Entgegen kam ihm in dieser Phase auch, dass Federer nach einer selbst auferlegten zweieinhalbmonatigen Wettkampfpause plötzlich begann, leichte Fehler zu machen und sogar einen Matchball vergab. Den zweiten Satz im Tiebreak schenkte er Haas sogar mit einem Doppelfehler. "Das tut ein bisschen weh, denn ich bin eigentlich ja auch ein Fan von ihm", sagte Haas mitfühlend. Die beiden verstehen sich prächtig, sie sind Freunde und bringen es zusammen auf 74 Jahre Lebenserfahrung. "Wenn ich es einem Spieler gönne, dann Tommy", sagte Federer, der seine Niederlage "frustrierend" fand und zugab, dass "es ein Risiko war, die Sandplatzsaison auszulassen".

Während der Weltranglistenfünfte nun nach Halle weiterreist, um sich weiter für Wimbledon zu präparieren, bekommt es Haas am Freitag im Viertelfinale mit Mischa Zverev zu tun.
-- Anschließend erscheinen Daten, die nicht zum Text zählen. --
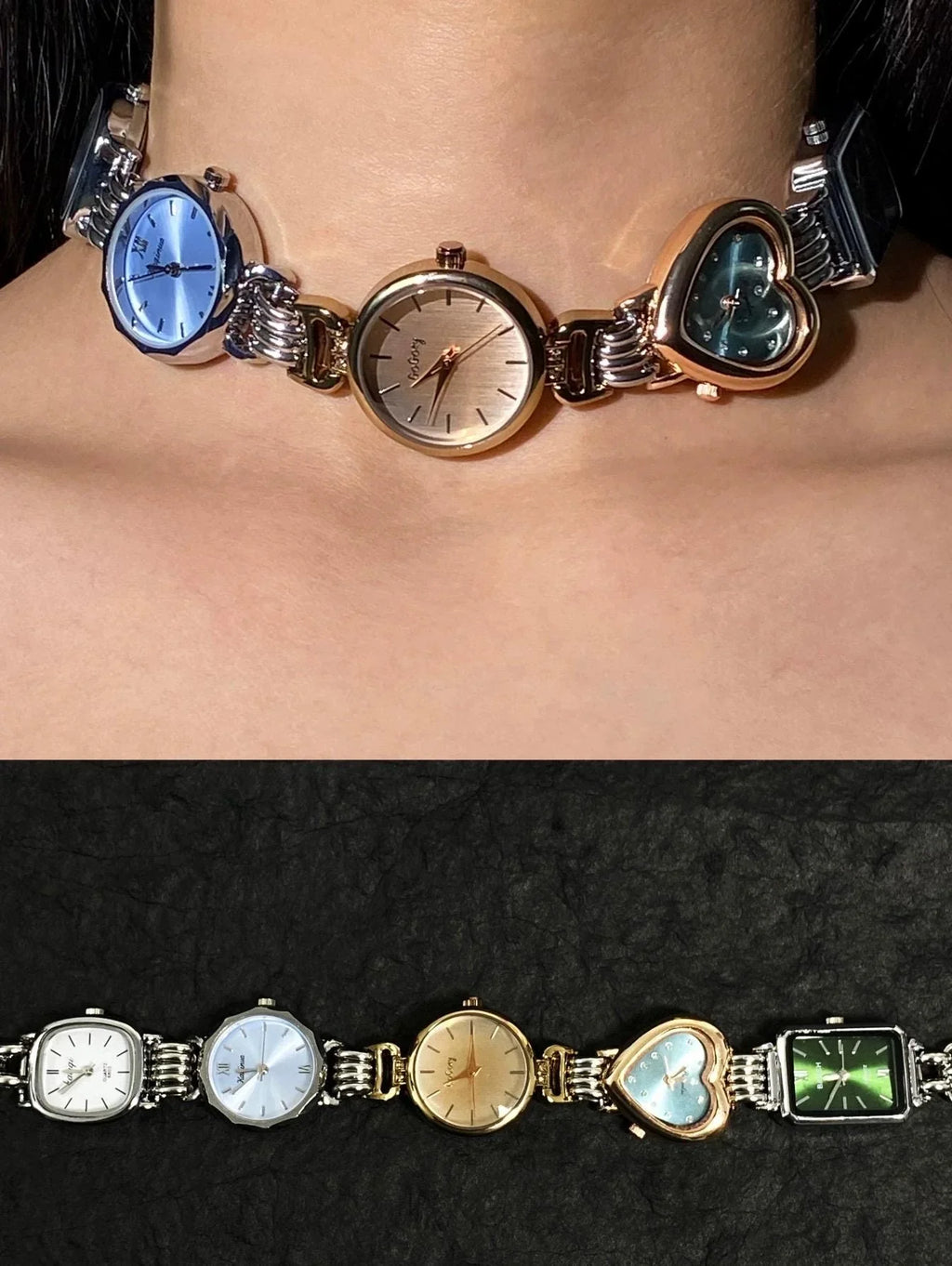 Timepiece Choker Necklace - velora studio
Federer will sich seinen Kumpel zum Vorbild nehmen. Dem 35-Jährigen war natürlich nicht entgangen, dass vor allem Haas' sechsjährige Tochter ihren Vater mit lauten Motivationsrufen ("Come on, Daddy!") während der Partie angefeuert hat. Also, kündigte Federer am Ende mit einem Lächeln an, dass er "vielleicht zwei meiner Kinder mit nach Halle nehme. Und nach Wimbledon dann gleich vier. Dann bin ich im Vorteil."